Il est toutefois préférable d’entendre ses explications afin d’avoir les deux versions des faits et de respecter pleinement le principe du contradictoire.
Il n’est en principe pas nécessaire d’auditionner l’ensemble des salariés témoins [6].
Si l’employeur n’a pas l’obligation de recueillir les témoignages de tous les témoins, il a intérêt à élargir au maximum les auditions et ne pas se contenter de la version du salarié ayant dénoncé les faits et celle du mis en cause.
2.2 Le résultat de cette enquête.
L’enquête interne permet dans la plupart des cas de déterminer si les faits dénoncés sont ou non avérés.
Hypothèse n°1 : l’enquête établit que le harcèlement n’est pas avéré.
S’agissant du salarié qui a dénoncé à tort les faits : en premier lieu, il est souhaitable de lui transmettre rapidement le compte-rendu de l’enquête ou a minima de lui indiquer par courrier les conclusions de celle-ci afin de lui faire comprendre que si le résultat n’est pas celui escompté, sa plainte a été prise en considération par la Direction.
Si l’employeur n’a pas l’obligation de communiquer le compte-rendu de l’enquête aux salariés [7], il est souhaitable d’en réaliser un, ce qui pourra être utile en cas de contentieux ultérieurs.
Dès lors, il conviendra de veiller d’une part, à ce que la copie des auditions de chaque salarié interrogé ne soit pas annexée à ce compte-rendu afin de respecter la confidentialité des échanges et d’éviter tout acte de représailles à leur égard et d’autre part, que les personnes ayant témoigné ne puissent être identifiées.
Ensuite, l’employeur pourra, dans la mesure du possible et par précaution, prendre des mesures (favoriser le télétravail, lui demander de solder ses congés et RTT) à son égard dans la mesure où il est possible que son état de santé se soit dégradé (même s’il n’a pas été victime d’actes constitutifs de harcèlement moral).
En revanche, l’employeur ne pourra pas licencier le salarié pour avoir dénoncé des faits non avérés [8], sauf s’il est en mesure de prouver sa mauvaise foi [9], laquelle ne peut résulter que de la démonstration qu’il avait connaissance de la fausseté des faits qu’il a dénoncé [10].
Dans la majorité des cas, les employeurs devront veiller à ne pas le sanctionner dans la mesure où il sera particulièrement difficile en cas de contentieux de démontrer sa mauvaise foi.
S’agissant du salarié injustement mis en cause, il est souhaitable de lui transmettre également le compte-rendu de l’enquête, de lui renouveler par écrit sa confiance et en aucun cas de le sanctionner.

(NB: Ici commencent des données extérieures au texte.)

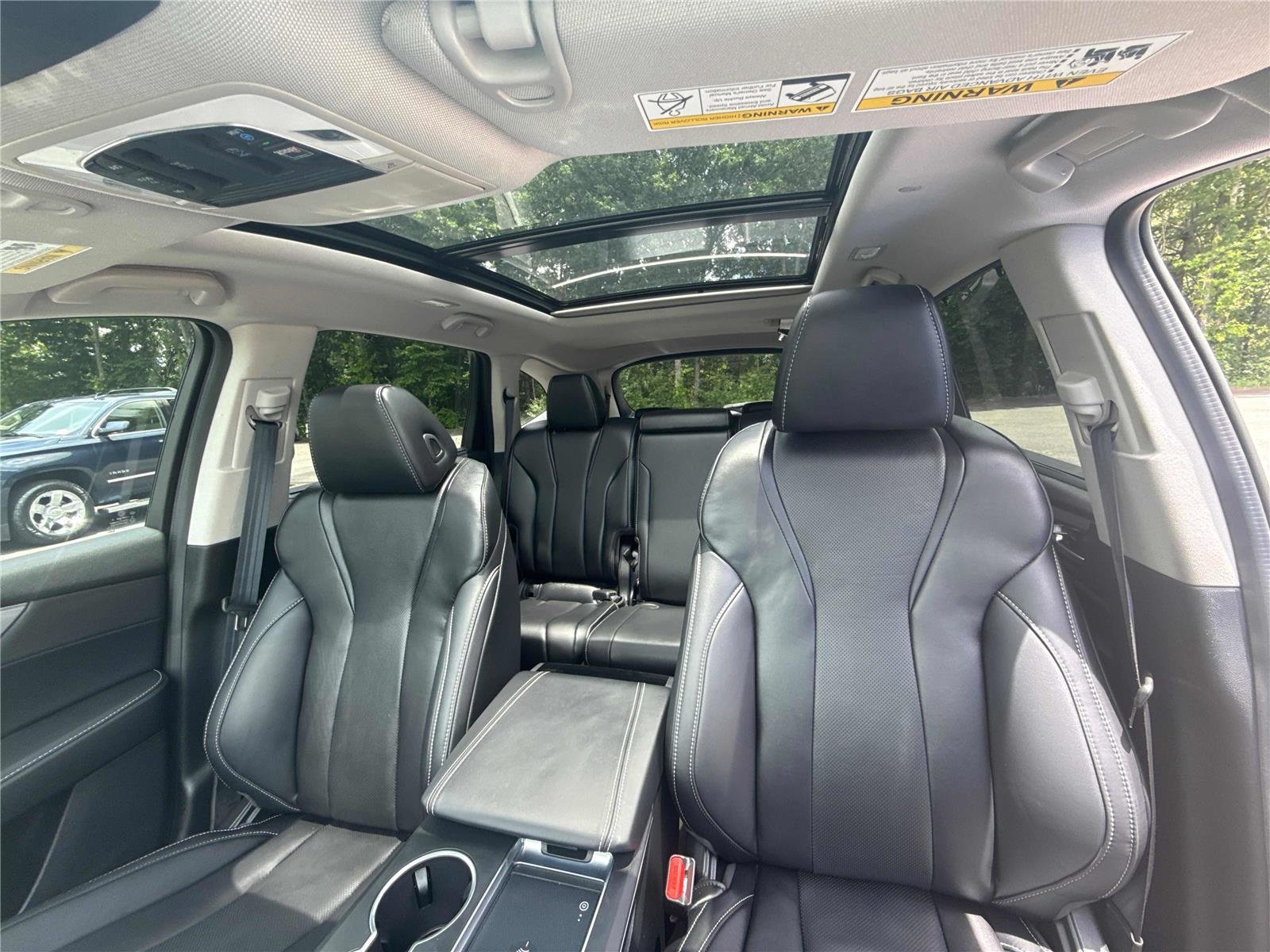 Used 2023 Lunar Silver Metallic Acura w/Tech image 25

Hypothèse n°2 : l’enquête établit que le harcèlement moral est avéré.
Voici quelques-unes des mesures pouvant être prises par l’employeur :
A l’égard du salarié victime :
- Proposer au salarié victime une modification temporaire de son contrat de travail (horaires différents, changement de son lieu de travail, etc.). Cette hypothèse nécessite bien entendu au préalable de recueillir l’accord du salarié et de le formaliser dans un avenant à son contrat de travail.

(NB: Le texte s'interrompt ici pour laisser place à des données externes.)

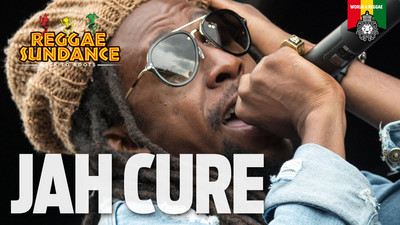 Jah Cure @ Reggae Sundance 2016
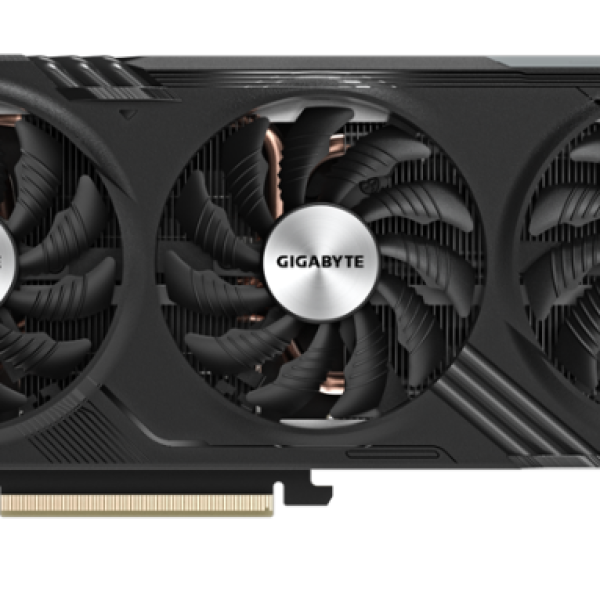 Видео карта GIGABYTE RTX 4060 TI GAMING OC 16GB GDDR6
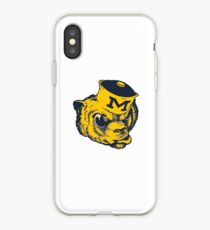 Michigan iPhone Case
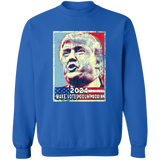 Trump 2024 Make Votes Count Again Crewneck Pullover Sweatshirt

- Proposer au salarié victime d’augmenter son temps en télétravail.
- Organiser une visite avec le médecin du travail afin de valider l’aptitude du salarié victime à son poste et d’envisager, si besoin, un aménagement de celui-ci.
A l’égard du salarié harceleur :
Mettre fin à une situation n’est en soi pas suffisant.
Il convient en effet de faire en sorte qu’elle ne se reproduise pas.
Plusieurs mesures peuvent être prises par l’employeur à l’encontre du salarié harceleur, notamment :
- Une mutation
- Une sanction allant jusqu’à son licenciement pour faute grave.
Dans bon nombre de cas, une seule mesure se révèle insuffisante pour protéger à l’avenir la santé du salarié victime.
Ainsi, à titre d’exemple, il a déjà été jugé que ne satisfait pas à son obligation de sécurité, l’employeur qui se borne à sanctionner d’un avertissement l’auteur d’un harcèlement sexuel, sans éloigner celui-ci de sa victime [11].
L’employeur doit, a minima, rappeler à l’ordre le salarié dont le comportement nuit à la santé d’un de ses collègues et s’il souhaite le sanctionner disciplinairement, déterminer la sanction la plus appropriée parmi celles figurant sur le règlement intérieur.
Les juridictions n’hésitent pas à juger fondé le licenciement d’un salarié qui aurait commis des actes constitutifs de harcèlement moral [12] ou de harcèlement sexuel [13].